Когда печникам оставалось закончить лишь самый верх купола, я разбросал там, где они брали глину, ярко-красные шерстинки. К моему удовольствию, пернатые строители оценили заботу, и я увидел не совсем обычное зрелище — двух ржаво-красных пичуг с длинными алыми усами. Шерстинки тоже пошли в дело. Думается, на всей аргентинской пампе не нашлось бы другого гнезда печников с красным вымпелом на куполе.
Если печники — подлинные мастера строительного дела (их гнездо не сразу и молотком-то разобьешь), то голуби представляют другую крайность. У них совсем нет никакого понятия о том, как следует строить гнездо. Четыре-пять палочек, брошенных на развилке сука, — вот верх сложности в представлении среднего голубя. На такой ненадежной платформе откладываются яйца, их бывает обычно два. Когда ветер раскачивает дерево, хилое гнездо трясет так, что яйца только чудом не вываливаются. Как все голуби давно не перевелись, для меня остается загадкой.

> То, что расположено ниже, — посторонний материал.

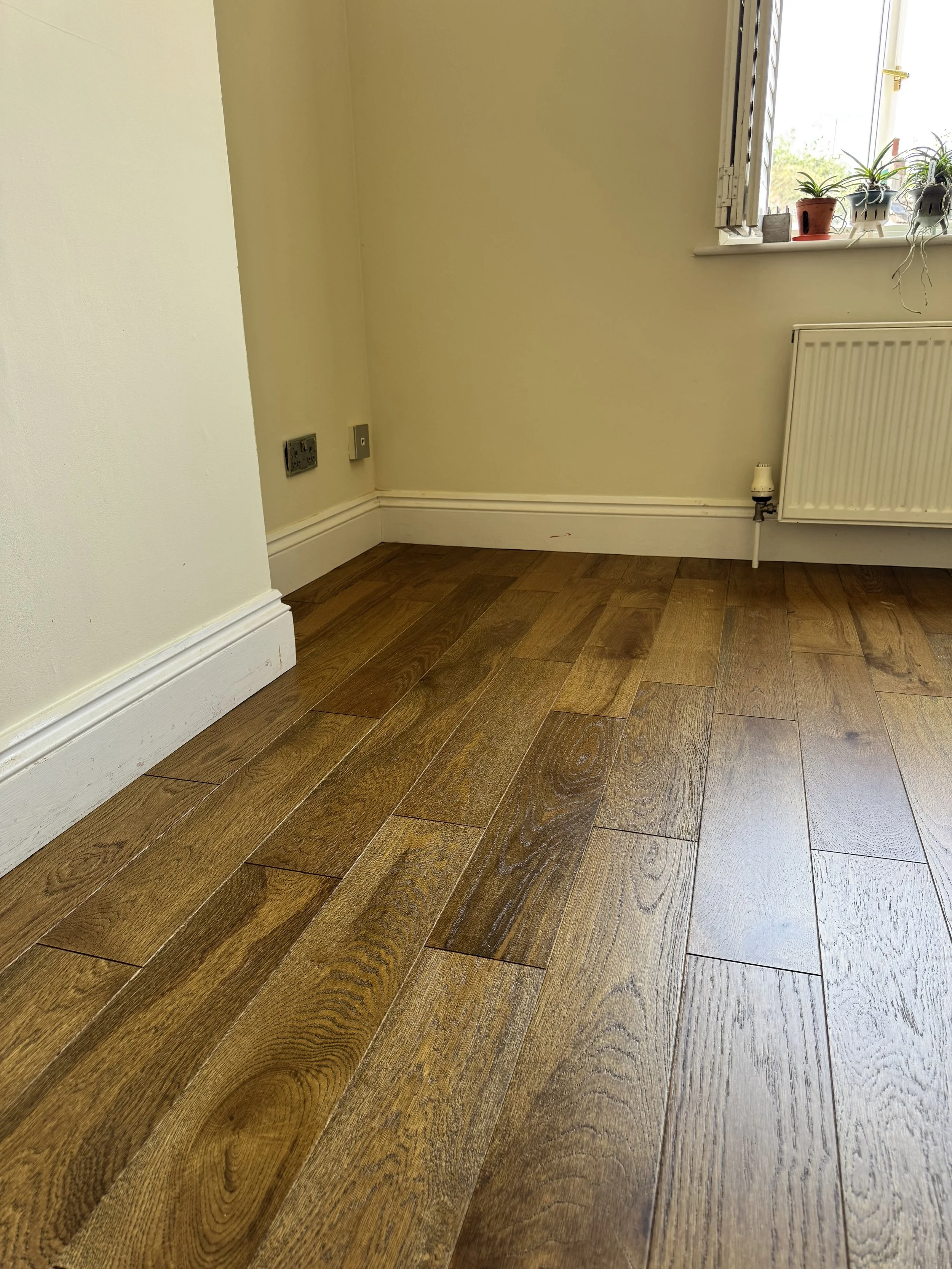 Engineered oak flooring installation in Coventry, West Midlands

Я знал, что голубь никудышный, бездарный строитель, но мне не приходило в голову, что его гнезда могут доставить большие неприятности натуралисту. В Аргентине я убедился в этом на собственной шкуре. На берегу реки под Буэнос-Айресом я попал в рощу, где все деревья (высота их не превышала десяти метров) были заняты голубиной колонией. На каждом дереве — по тридцать — сорок гнезд. Идя через рощу, можно было снизу рассмотреть между небрежно положенными палочками толстенький живот птенца или поблескивающее яйцо. Гнезда выглядели настолько ненадежными, что так и хотелось идти на цыпочках, чтобы мои шаги не нарушили шаткого равновесия.

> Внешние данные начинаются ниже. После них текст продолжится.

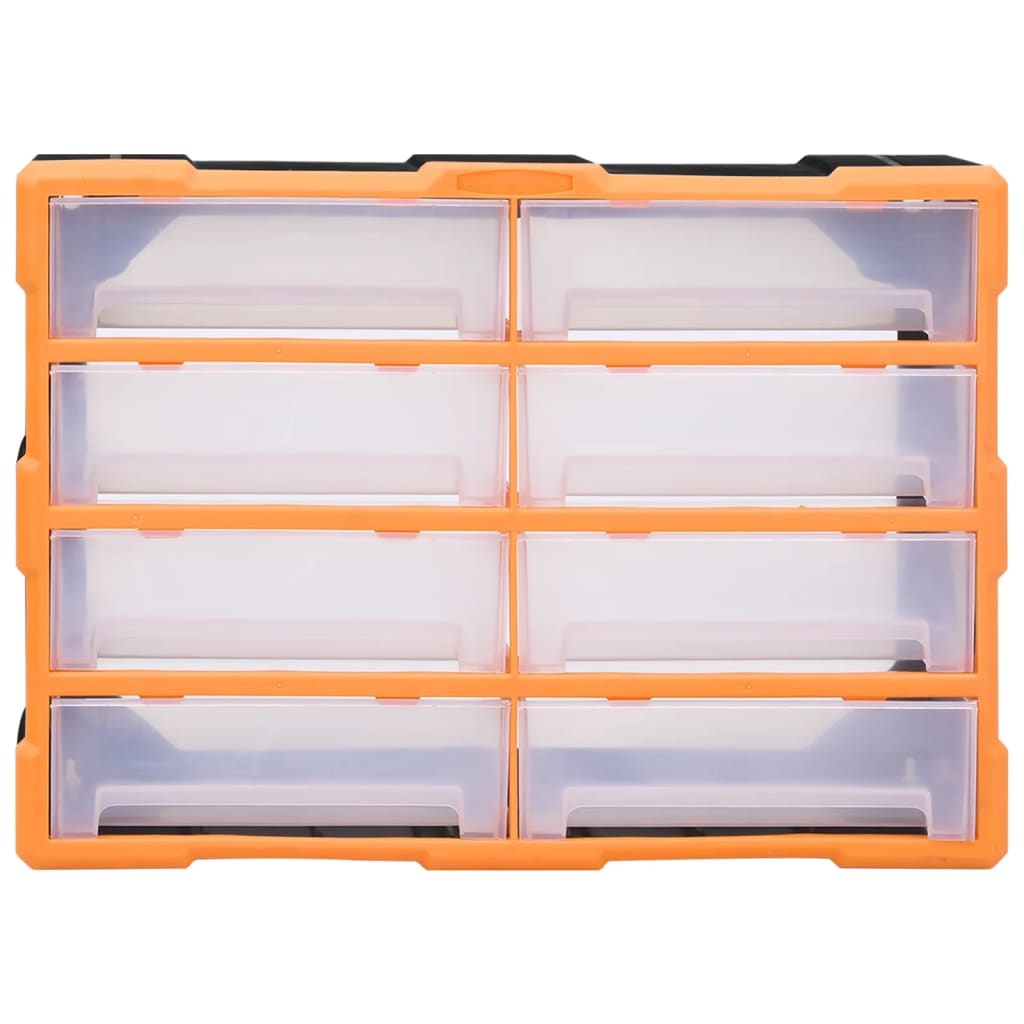 vidaXL Organiser met 8 grote lades 52x16x37 cm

Посреди рощи стояло дерево с множеством гнезд, которые почему-то были покинуты голубями. На самой макушке громоздилось массивное сооружение из прутиков и листьев — несомненно, гнездо, и так же несомненно не голубиное. Может быть, обитатель этой не очень эстетической конструкции как раз и повинен в том, что голуби бросили свои гнезда? Я решил влезть на дерево и посмотреть, дома ли хозяин. К сожалению, я с некоторым опозданием осознал свой промах: чуть не в каждом голубином гнезде лежали яйца, и мое продвижение вверх по стволу вызвало подлинный яичный водопад. Яйца градом сыпались на меня и разбивались, украшая мою одежду узорами из желтка и скорлупы. Это бы еще ничего, но яйца все до одного протухли, и к тому времени, когда я, обливаясь потом, добрался до макушки, от меня разило то ли кожевенным заводом, то ли выгребной ямой. А тут еще новое унижение: хозяин гнезда отсутствовал, так что за все мои усилия я был вознагражден лишь густой обмазкой из желтка да ароматом, которому позавидовал бы и скунс. С трудом спустился я вниз, мечтая поскорее закурить сигарету, чтобы вытеснить из ноздрей едкий запах тухлятины. Земля под деревом была усеяна разбитыми яйцами вперемешку — с разлагающимися трупиками нескольких птенцов. Пулей выскочив из рощи, я сел, облегченно вздохнул и полез рукой в карман за сигаретами. Пачка, которую я вытащил, была мокрая от яичного желтка… Пока я карабкался вверх, одно яйцо каким-то чудом угодило прямо в карман — и пропали мои сигареты. Пришлось топать три километра до дома, дыша мерзким запахом тухлятины, причем вид у меня был такой, словно я без особого успеха участвовал в состязании кулинаров на лучший омлет. С той поры я как-то недолюбливаю голубей.